▶ Task
Print the whole listing again exactly as it stands, leaving out any images.

▶ Available data
_ _ _ _ _ _ _

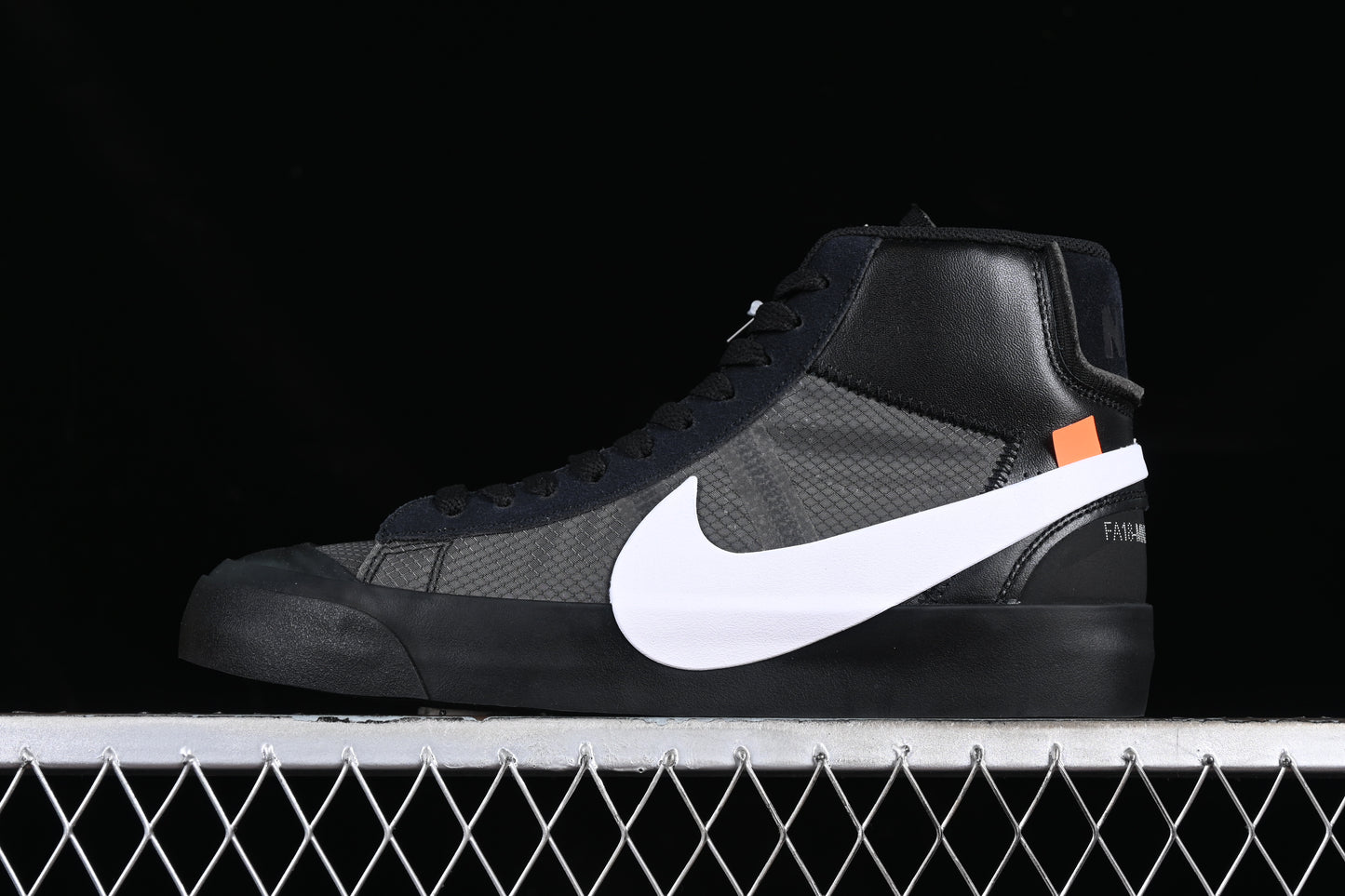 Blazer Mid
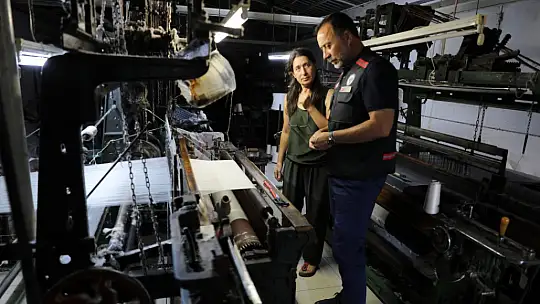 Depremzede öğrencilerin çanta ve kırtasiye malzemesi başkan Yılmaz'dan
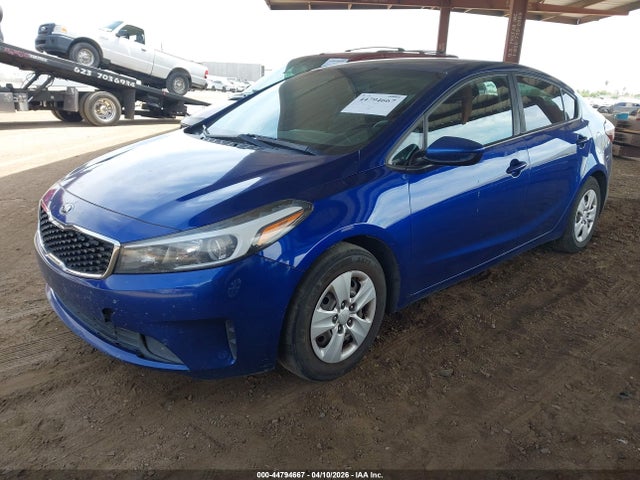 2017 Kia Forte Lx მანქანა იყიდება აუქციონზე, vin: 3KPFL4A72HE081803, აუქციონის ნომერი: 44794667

_ _ _ _ _ _ _

▶ Response
 Blazer Mid
 Depremzede öğrencilerin çanta ve kırtasiye malzemesi başkan Yılmaz'dan
 2017 Kia Forte Lx მანქანა იყიდება აუქციონზე, vin: 3KPFL4A72HE081803, აუქციონის ნომერი: 44794667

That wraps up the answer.